Re: [PATCH v9 17/24] mm: Protect mm_rb tree with a rwlock

From: Peter Zijlstra
Date: Wed Mar 14 2018 - 04:52:09 EST


On Tue, Mar 13, 2018 at 06:59:47PM +0100, Laurent Dufour wrote:
> This change is inspired by the Peter's proposal patch [1] which was
> protecting the VMA using SRCU. Unfortunately, SRCU is not scaling well in
> that particular case, and it is introducing major performance degradation
> due to excessive scheduling operations.

Do you happen to have a little more detail on that?

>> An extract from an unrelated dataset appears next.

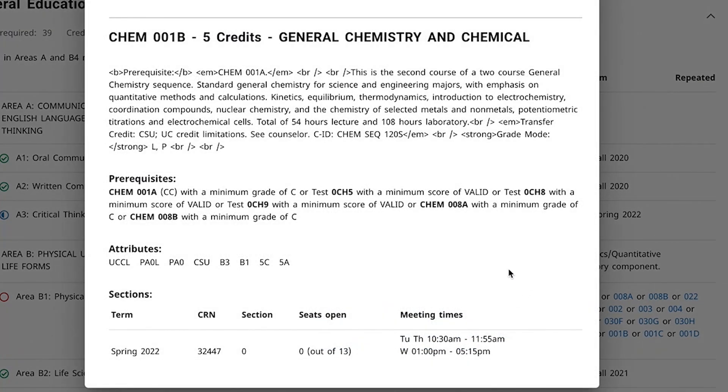Keep an eye out for courses that have prerequisites listed. If you haven't completed the prerequisite, you won't be able to add this class.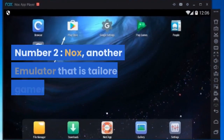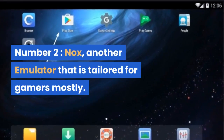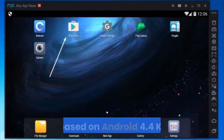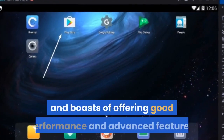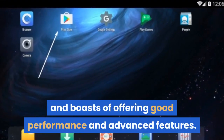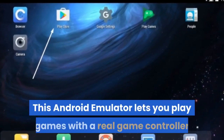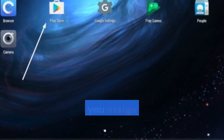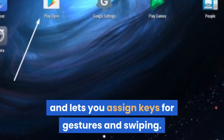Number 2, Knox is another emulator that is tailored for gamers mostly. It is based on Android 4.4 KitKat and boasts of offering good performance and advanced features. This Android emulator lets you play games with a real game controller and lets you assign keys for gestures and swiping.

> diff --git a/include/linux/mm_types.h b/include/linux/mm_types.h
> index 34fde7111e88..28c763ea1036 100644
> --- a/include/linux/mm_types.h
> +++ b/include/linux/mm_types.h
> @@ -335,6 +335,7 @@ struct vm_area_struct {
> struct vm_userfaultfd_ctx vm_userfaultfd_ctx;
> #ifdef CONFIG_SPECULATIVE_PAGE_FAULT
> seqcount_t vm_sequence;
> + atomic_t vm_ref_count; /* see vma_get(), vma_put() */
> #endif
> } __randomize_layout;
>
> @@ -353,6 +354,9 @@ struct kioctx_table;
> struct mm_struct {
> struct vm_area_struct *mmap; /* list of VMAs */
> struct rb_root mm_rb;
> +#ifdef CONFIG_SPECULATIVE_PAGE_FAULT
> + rwlock_t mm_rb_lock;
> +#endif
> u32 vmacache_seqnum; /* per-thread vmacache */
> #ifdef CONFIG_MMU
> unsigned long (*get_unmapped_area) (struct file *filp,

When I tried this, it simply traded contention on mmap_sem for
contention on these two cachelines.

This was for the concurrent fault benchmark, where mmap_sem is only ever
acquired for reading (so no blocking ever happens) and the bottle-neck
was really pure cacheline access.

Only by using RCU can you avoid that thrashing.

Also note that if your database allocates the one giant mapping, it'll
be _one_ VMA and that vm_ref_count gets _very_ hot indeed.